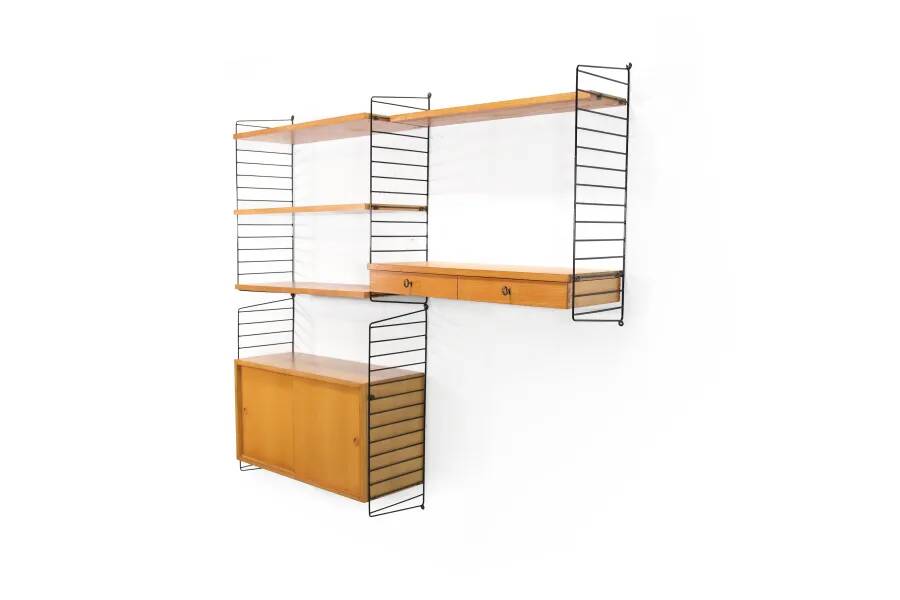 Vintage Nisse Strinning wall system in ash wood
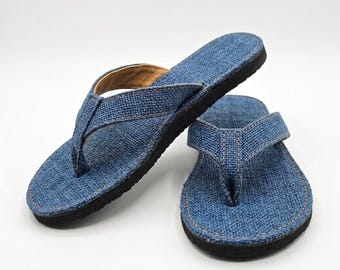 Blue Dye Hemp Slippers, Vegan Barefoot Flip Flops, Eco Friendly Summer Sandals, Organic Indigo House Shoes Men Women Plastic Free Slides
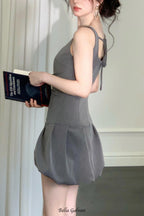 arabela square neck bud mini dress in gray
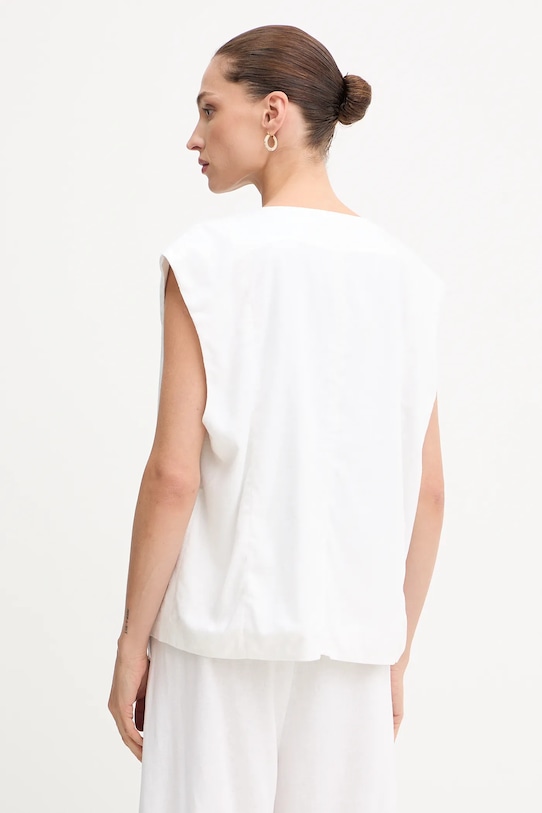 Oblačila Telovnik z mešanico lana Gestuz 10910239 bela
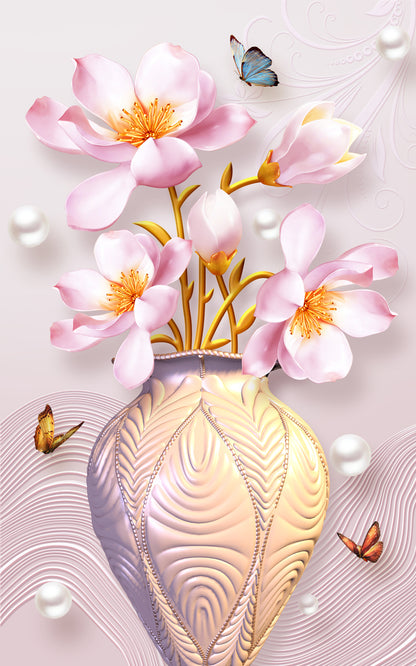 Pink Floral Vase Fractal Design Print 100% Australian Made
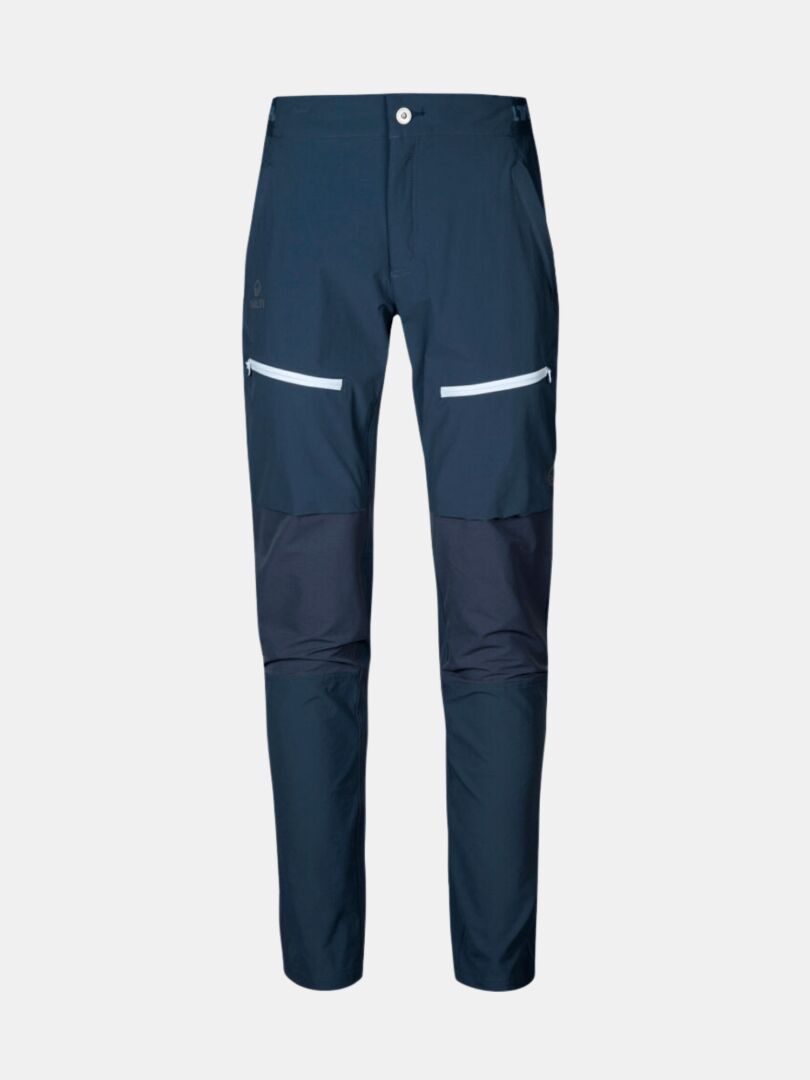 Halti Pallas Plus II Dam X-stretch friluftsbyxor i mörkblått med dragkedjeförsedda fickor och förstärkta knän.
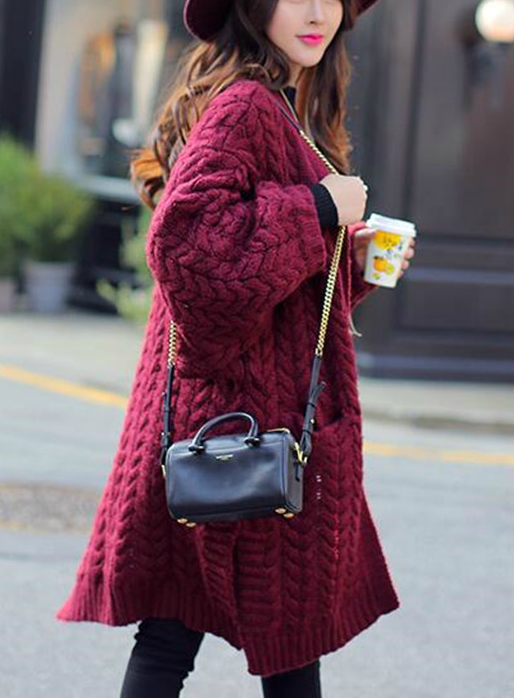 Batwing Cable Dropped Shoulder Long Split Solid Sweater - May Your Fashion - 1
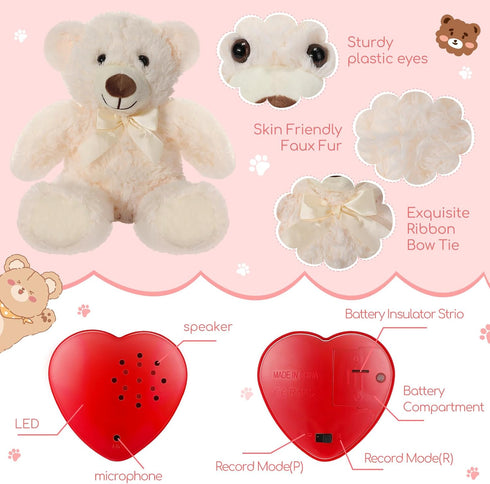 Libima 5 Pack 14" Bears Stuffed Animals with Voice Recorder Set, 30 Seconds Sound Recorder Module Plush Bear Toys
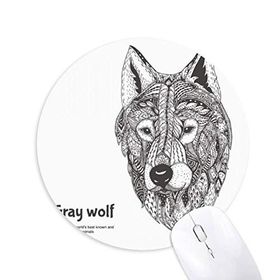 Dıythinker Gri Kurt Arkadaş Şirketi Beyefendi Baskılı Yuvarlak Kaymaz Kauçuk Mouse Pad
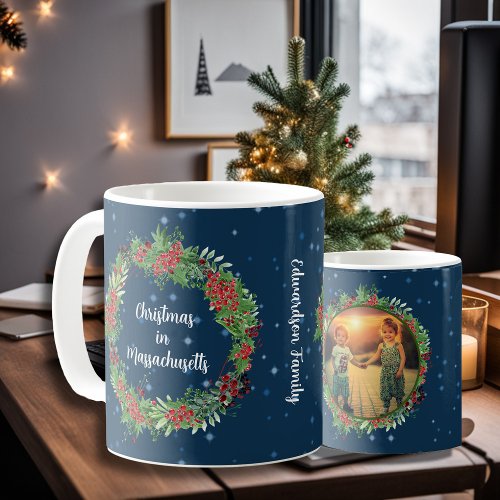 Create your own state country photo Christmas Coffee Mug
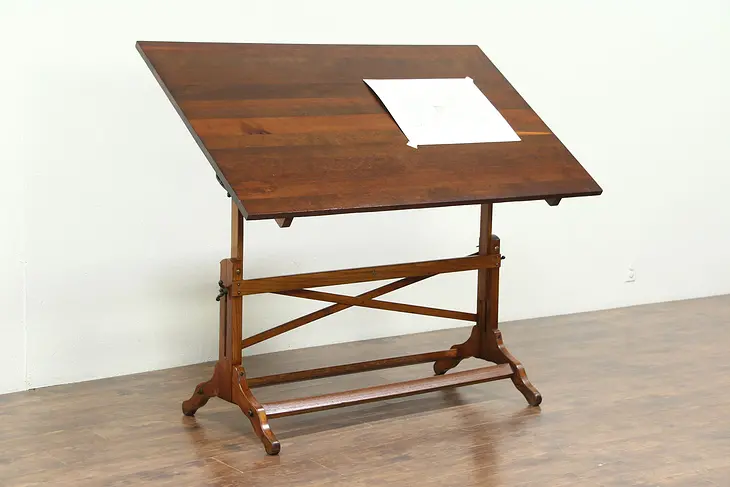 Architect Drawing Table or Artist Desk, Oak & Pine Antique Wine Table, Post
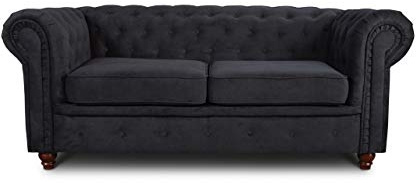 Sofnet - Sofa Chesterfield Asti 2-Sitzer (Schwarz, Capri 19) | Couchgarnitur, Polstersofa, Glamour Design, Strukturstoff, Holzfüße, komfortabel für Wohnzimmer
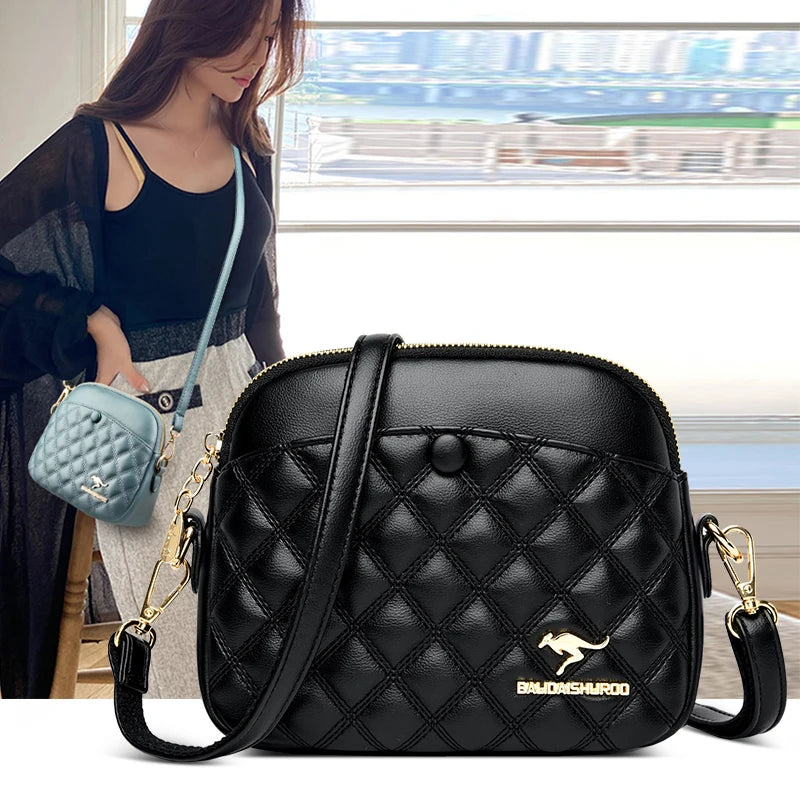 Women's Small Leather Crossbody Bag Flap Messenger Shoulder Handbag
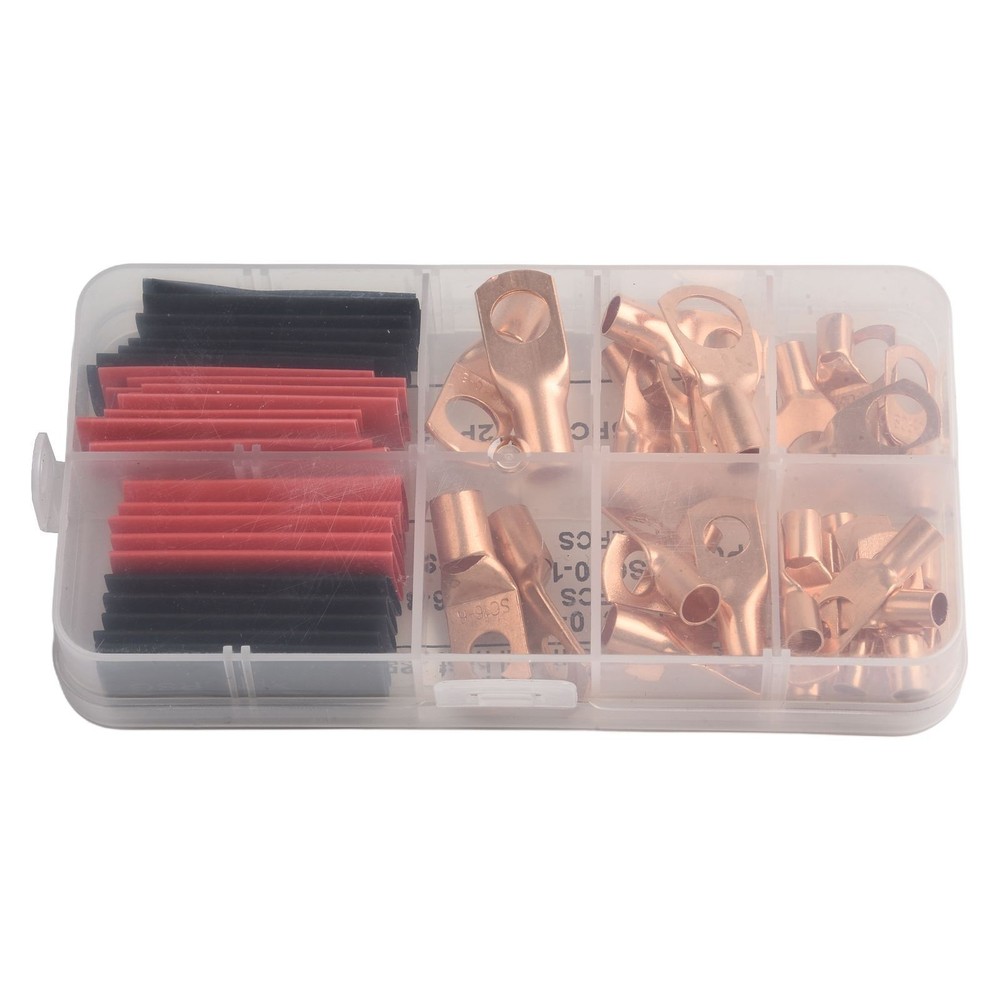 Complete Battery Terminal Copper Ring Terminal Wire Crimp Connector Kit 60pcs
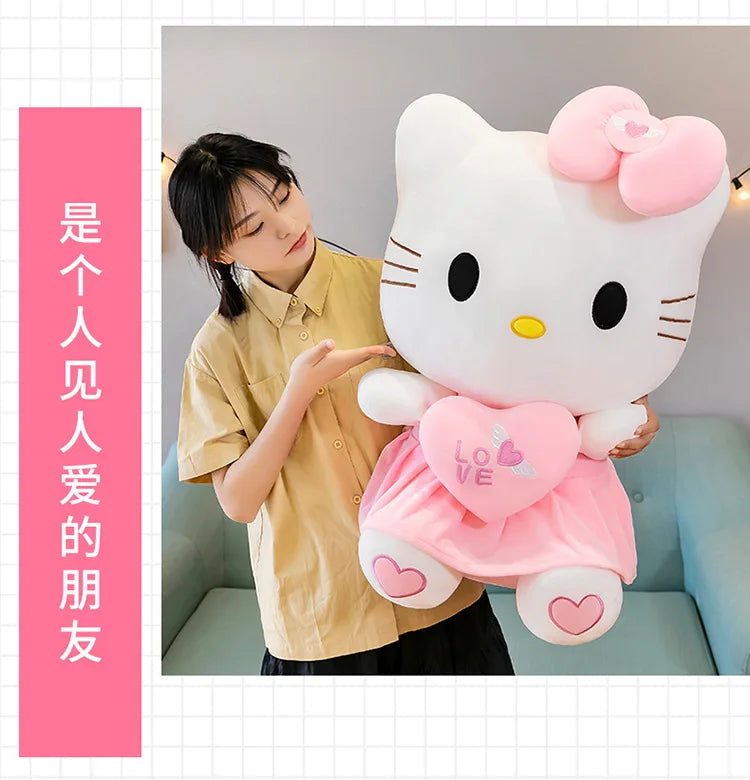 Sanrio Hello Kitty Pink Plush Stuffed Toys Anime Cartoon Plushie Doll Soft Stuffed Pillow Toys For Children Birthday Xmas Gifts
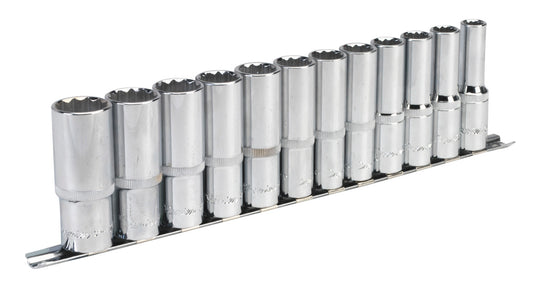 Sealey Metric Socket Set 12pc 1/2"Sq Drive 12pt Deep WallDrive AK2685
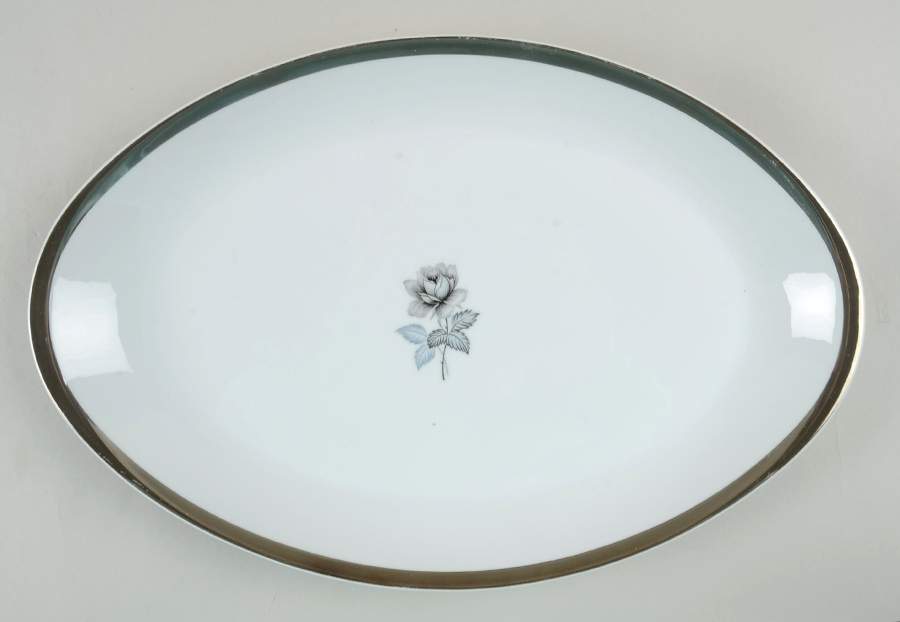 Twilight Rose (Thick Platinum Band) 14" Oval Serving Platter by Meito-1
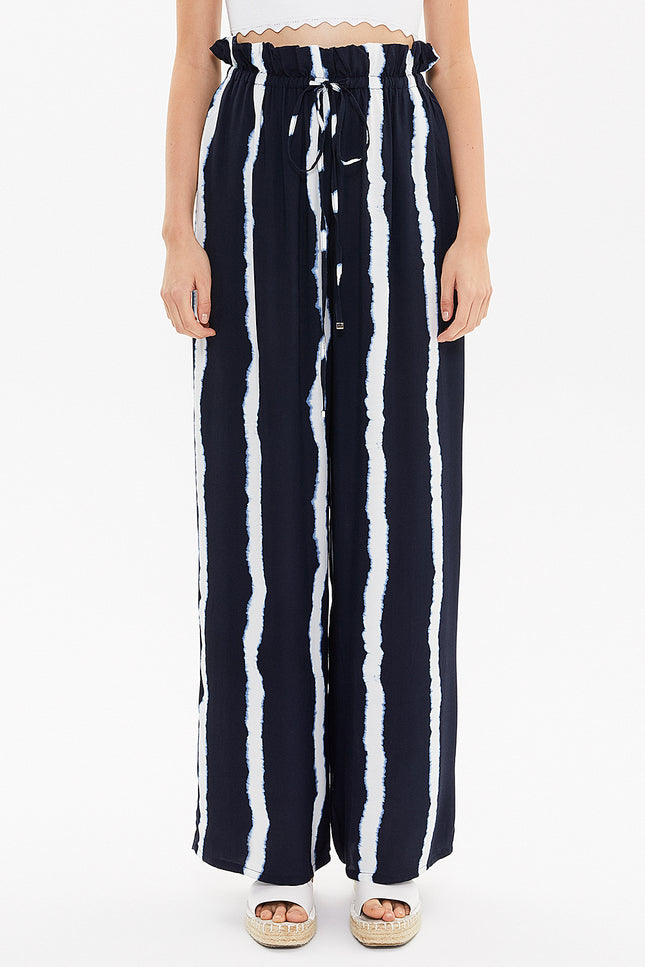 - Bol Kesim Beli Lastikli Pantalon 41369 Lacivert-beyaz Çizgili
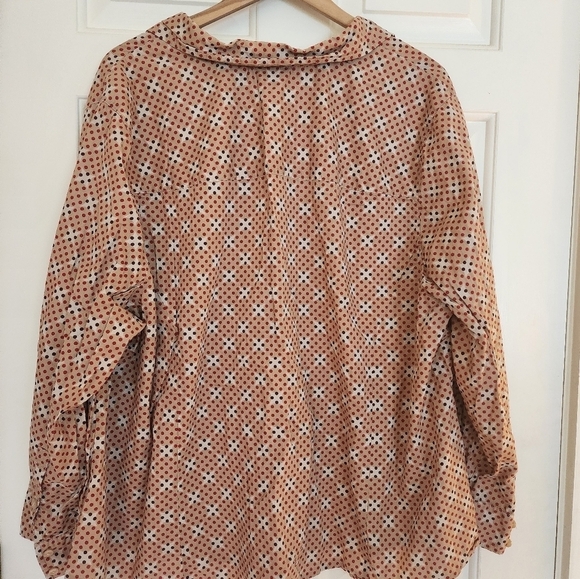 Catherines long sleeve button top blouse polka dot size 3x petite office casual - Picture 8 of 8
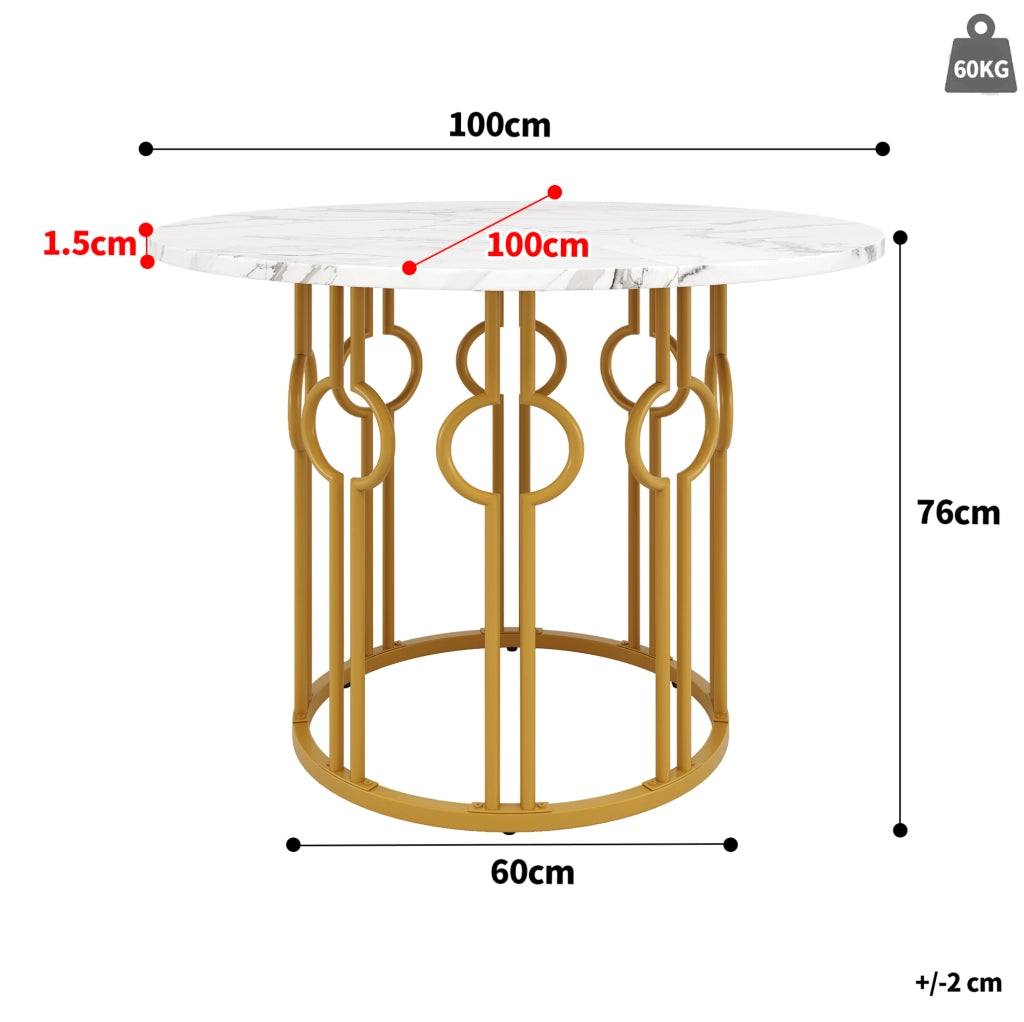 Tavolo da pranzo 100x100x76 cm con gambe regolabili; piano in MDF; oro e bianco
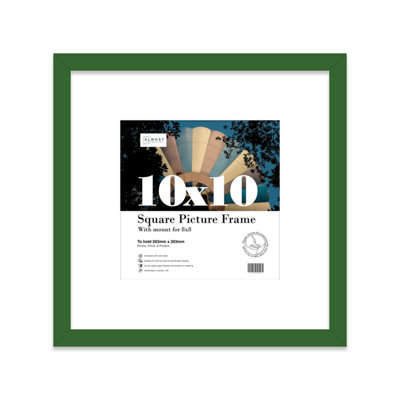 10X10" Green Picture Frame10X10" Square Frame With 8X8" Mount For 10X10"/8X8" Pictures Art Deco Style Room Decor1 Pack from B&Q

▶ [Task brief]
Each entry above should be reproduced exactly, with the pictures removed.

▶ [Result]
 Vintage Nisse Strinning wall system in ash wood
 Blue Dye Hemp Slippers, Vegan Barefoot Flip Flops, Eco Friendly Summer Sandals, Organic Indigo House Shoes Men Women Plastic Free Slides
 arabela square neck bud mini dress in gray
 Oblačila Telovnik z mešanico lana Gestuz 10910239 bela
 Pink Floral Vase Fractal Design Print 100% Australian Made
 Halti Pallas Plus II Dam X-stretch friluftsbyxor i mörkblått med dragkedjeförsedda fickor och förstärkta knän.
 Batwing Cable Dropped Shoulder Long Split Solid Sweater - May Your Fashion - 1
 Libima 5 Pack 14" Bears Stuffed Animals with Voice Recorder Set, 30 Seconds Sound Recorder Module Plush Bear Toys
 Dıythinker Gri Kurt Arkadaş Şirketi Beyefendi Baskılı Yuvarlak Kaymaz Kauçuk Mouse Pad
 Create your own state country photo Christmas Coffee Mug
 Architect Drawing Table or Artist Desk, Oak & Pine Antique Wine Table, Post
 Sofnet - Sofa Chesterfield Asti 2-Sitzer (Schwarz, Capri 19) | Couchgarnitur, Polstersofa, Glamour Design, Strukturstoff, Holzfüße, komfortabel für Wohnzimmer
 Women's Small Leather Crossbody Bag Flap Messenger Shoulder Handbag
 Complete Battery Terminal Copper Ring Terminal Wire Crimp Connector Kit 60pcs
 Sanrio Hello Kitty Pink Plush Stuffed Toys Anime Cartoon Plushie Doll Soft Stuffed Pillow Toys For Children Birthday Xmas Gifts
 Sealey Metric Socket Set 12pc 1/2"Sq Drive 12pt Deep WallDrive AK2685
 Twilight Rose (Thick Platinum Band) 14" Oval Serving Platter by Meito-1
 - Bol Kesim Beli Lastikli Pantalon 41369 Lacivert-beyaz Çizgili
 Catherines long sleeve button top blouse polka dot size 3x petite office casual - Picture 8 of 8
 Tavolo da pranzo 100x100x76 cm con gambe regolabili; piano in MDF; oro e bianco
 10X10" Green Picture Frame10X10" Square Frame With 8X8" Mount For 10X10"/8X8" Pictures Art Deco Style Room Decor1 Pack from B&Q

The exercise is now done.